Children of War: Why We Need an Antiwar Future

Child Psychologist Haim Ginott once said “Children are like wet cement, whatever falls on them makes an impression”. So what kind of impression is being made on children when the things falling on them are bombs and missiles? What sort of impression is being made on children when those bombs and missiles kill their relatives, destroy their homes, displace them from where they were born and raised? What sort of impression is being made on children when they are the ones forced to do the killing, when they are forced to fight the wars of evil “grown” adults? Unfortunately, the aforementioned questions can only be asked of children who survive the ravages of war, and we see all too often that children are the most tragic victims of war. The ways in which war affects children are numerous, and those ways are hardly discussed, so once again it is time to tell another ugly truth about war, and one such truth that we in the heart of the American Empire must come to terms with is that our foreign policy is the number 1 threat to children worldwide.

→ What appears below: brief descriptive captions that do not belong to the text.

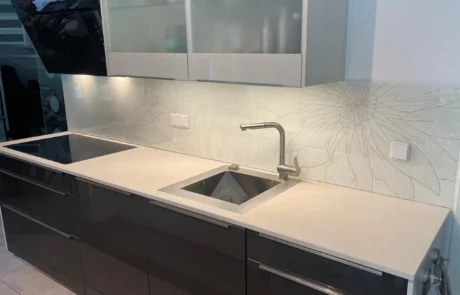 Buntentors_Glaserei_Wolff_Bremen_Kuechenrueckwaende Moderne Küchenarbeitsplatte mit Gasherd, Aufkantung aus Metall, hängendem Topflappen, Steckdosen und Oberschränken.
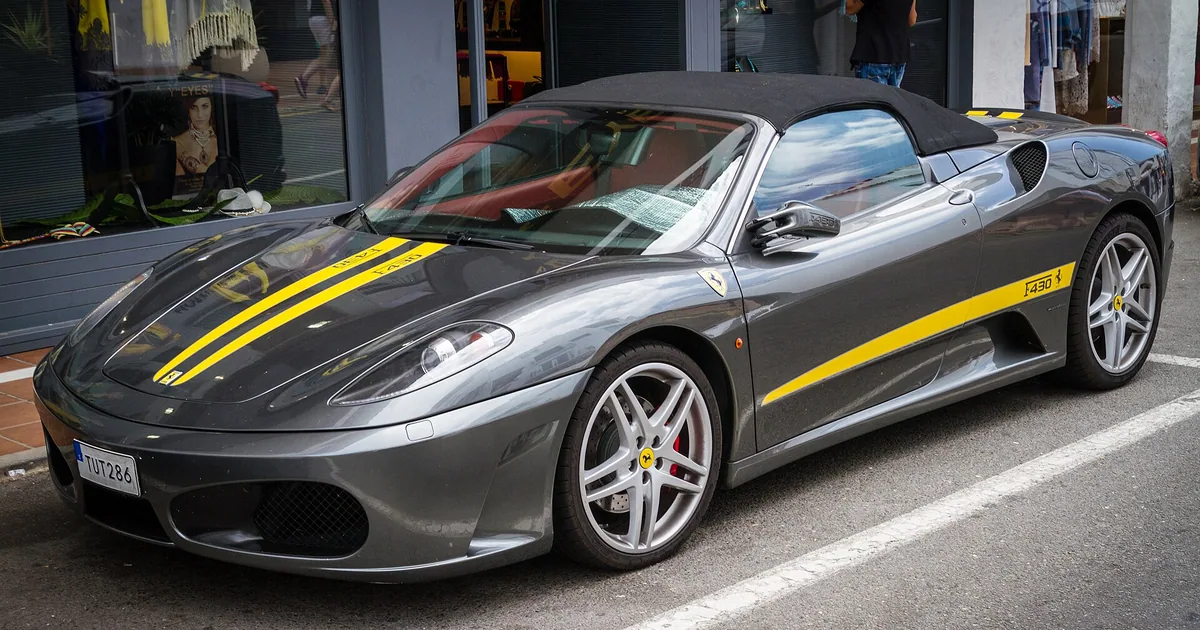 Grey Ferrari with stripes in Puerto Jose Banus — Best Restaurants for a Date, 2026 guide
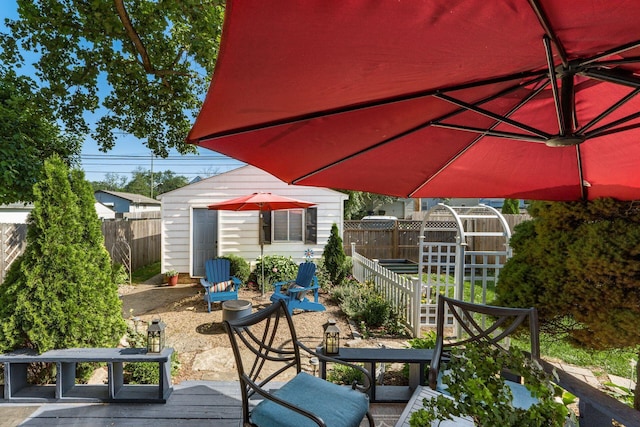366 E Jeffrey Pl, Columbus, OH 43214 - wooden deck featuring an outbuilding and a fenced backyard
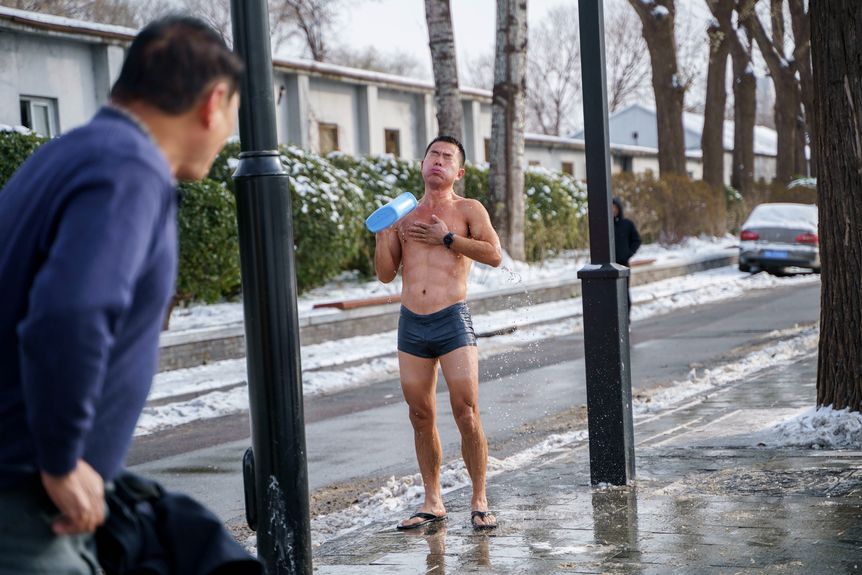 A man in swimwear standing on a street, First snow in Beijing in 2023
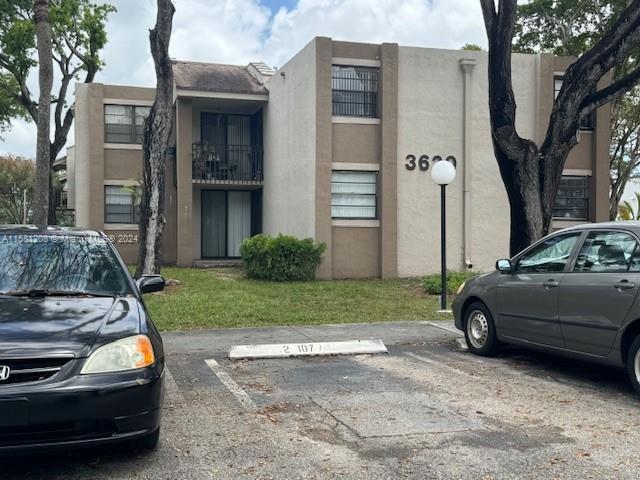 a view of a car in front of a house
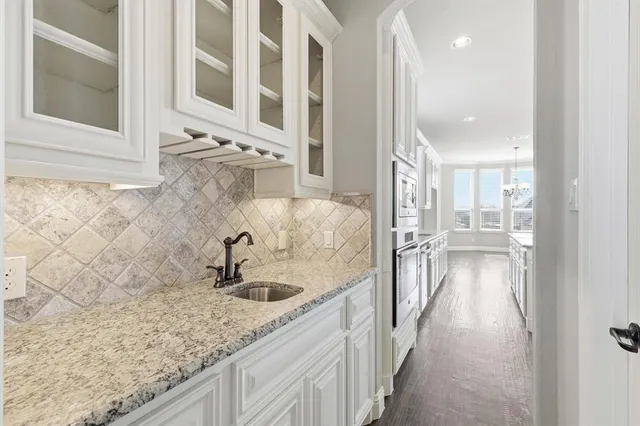 a kitchen with sink and faucet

For me, to hear of one child killed during war or conflict is one child too many, but the number of children killed in war zones is staggering. According to UNICEF, in the year 2017, around 700 children were killed in Iraq and Syria, and since 2015 it is estimated that some 5,000 children have perished in the Yemen conflict, a conflict that has been exacerbated by US support for the indiscriminate Saudi bombing campaigns. In other conflict ridden zones, children have been used as suicide bombers, with the UNICEF report highlighting children in Africa of being particularly vulnerable to this possibility. Children are also killed while fighting in wars as recruited child soldiers. According to Child Soldiers International, 50 countries still allow military recruitment of children, and 43 state armed forces train children for armed conflict. It is worth noting that some of these nations (Afghanistan, Myanmar, South Sudan among others) receive military aid from the US government, which is in violation of the Leahy Law and the Child Soldiers Prevention Act, laws that are supposed to prevent the US from propping up regimes and armies that commit gross human rights violations. The continued flow of aid to these states provides no incentive for any change to take place.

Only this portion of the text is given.